The main tribute event is Pipers of the Great War - A Photographic Exhibition, a free show at the National Piping Centre all week.

A collection of pictures of pipers on the battlefield, on parade and on the march during the First World War will be on display.

With material from sources such as the Imperial War Museum and National Archives, this exhibition tells tales of pipers through history who risked their lives in service of their country and their music.

On Wednesday at 1pm at the New Athenaeum theatre at the Royal Conservatoire of Scotland there will be a screening of the BBC documentary Pipers of the Trenches.

And at 5pm the same day a Great Composers of the Great War recital will feature some of the music of the greatest pipers from 1914-18 including William Lawrie, John McColl, John MacLellan DCM, GS MacLennan, and Willie Ross.

Performing will be staff of The National Piping Centre including Callum Beaumont, Margaret Dunn, Roddy MacLeod MBE, Stuart Samson MBE and David Shedden.

MacLeod, director of Piping Live! said: "We have worked with experts to programme four special events as part of the festival, and our staff here at the National Piping Centre have put a great deal of work into these events too.

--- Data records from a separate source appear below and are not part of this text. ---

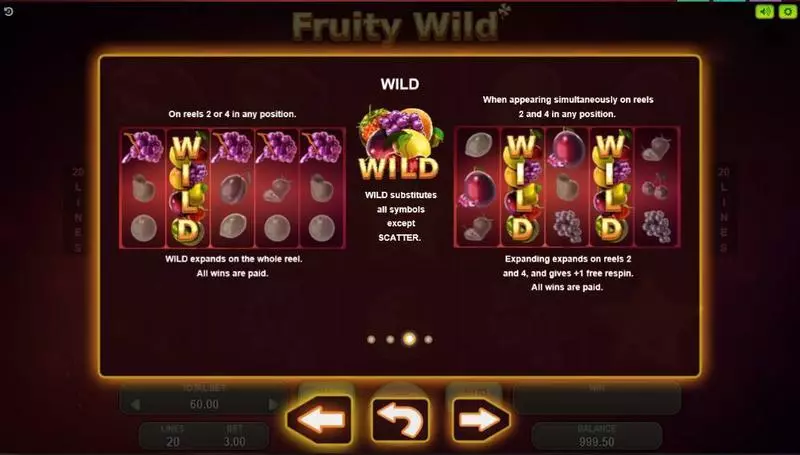 Fruity Wild Booongo Slots - Bonus 1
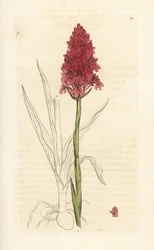 Pyramidal orkidé, Anacamptis pyramidalis (Pyramidal orchis, Orchis pyramidalis). Håndfarvet kobberstik efter en illustration af James Sowerby fra James Smith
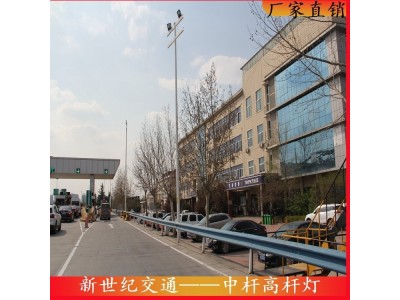 中杆灯高杆灯定制 6米8米12米路灯小区广场道路照明路 灯图1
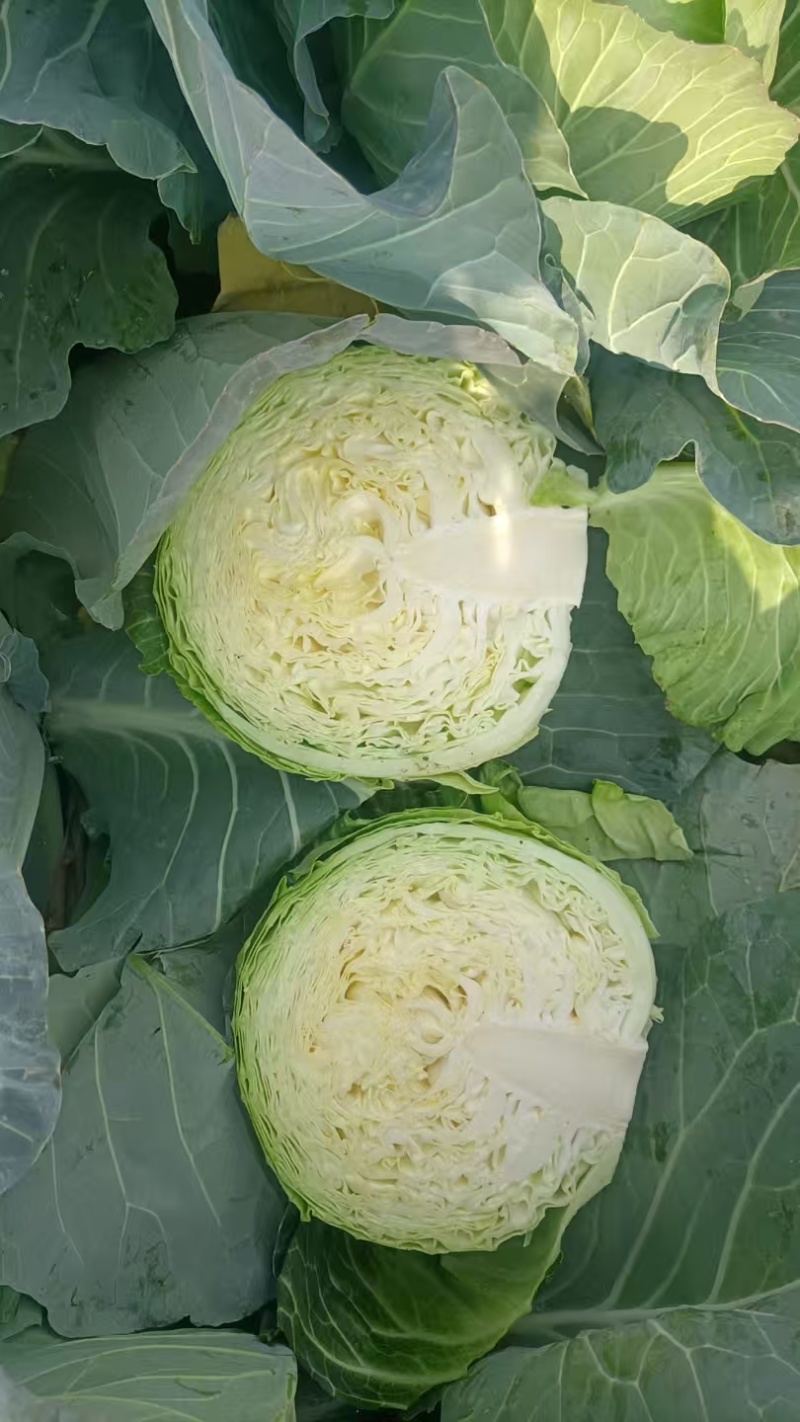 甘肃临洮高原甘蓝大量上市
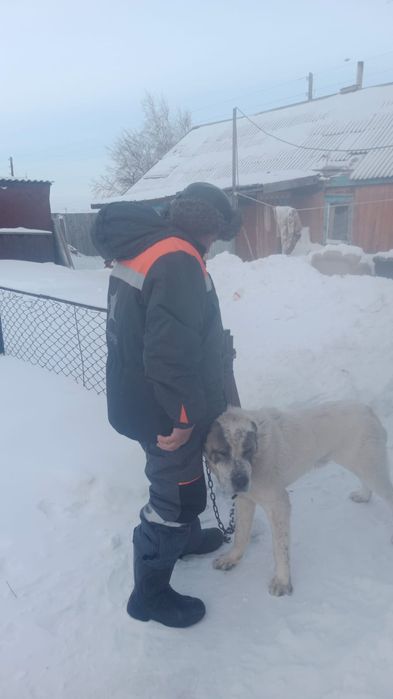 Отдам в хорошие руки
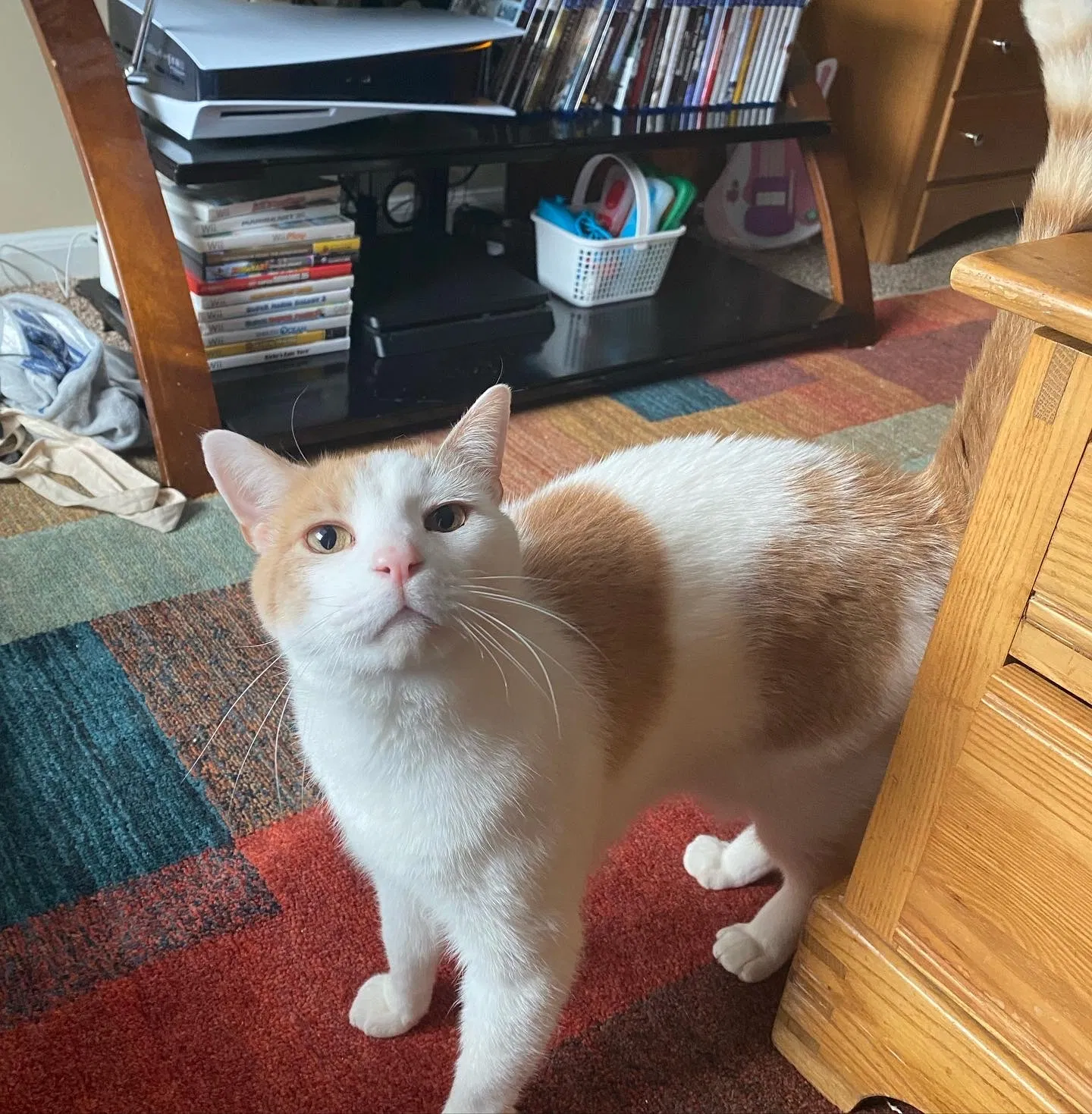 Lost cat in Newport News, VA, 23606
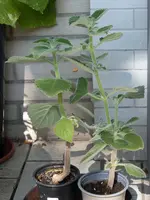 australischer_zitronenbaum.webp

"It's been an emotional experience as we have discovered some of the stories of allied forces pipers, who were often the first in line of fire as they played the troops out to battle, and it's an honour to put a spotlight on these brave men."

About 50,000 spectators and 8000 musicians from around the world are expected at Piping Live! which sees more than 150 events over seven days, including performances and competitions around Glasgow.

Musicians from as far afield as New Zealand, Australia, the US and Canada and 22 other countries are taking part.

Festival organiser Alisdair McLaren said: "It's going to be a fantastic atmosphere, especially after the Commonwealth Games. It's going to be a carry-on from that."

The festival hub is at the National Piping Centre but this year there will also be events in Candleriggs in the Merchant City, including performances and a street food festival.

The festival runs from tomorrow until August 17 and culminates in the World Pipe Band Championships.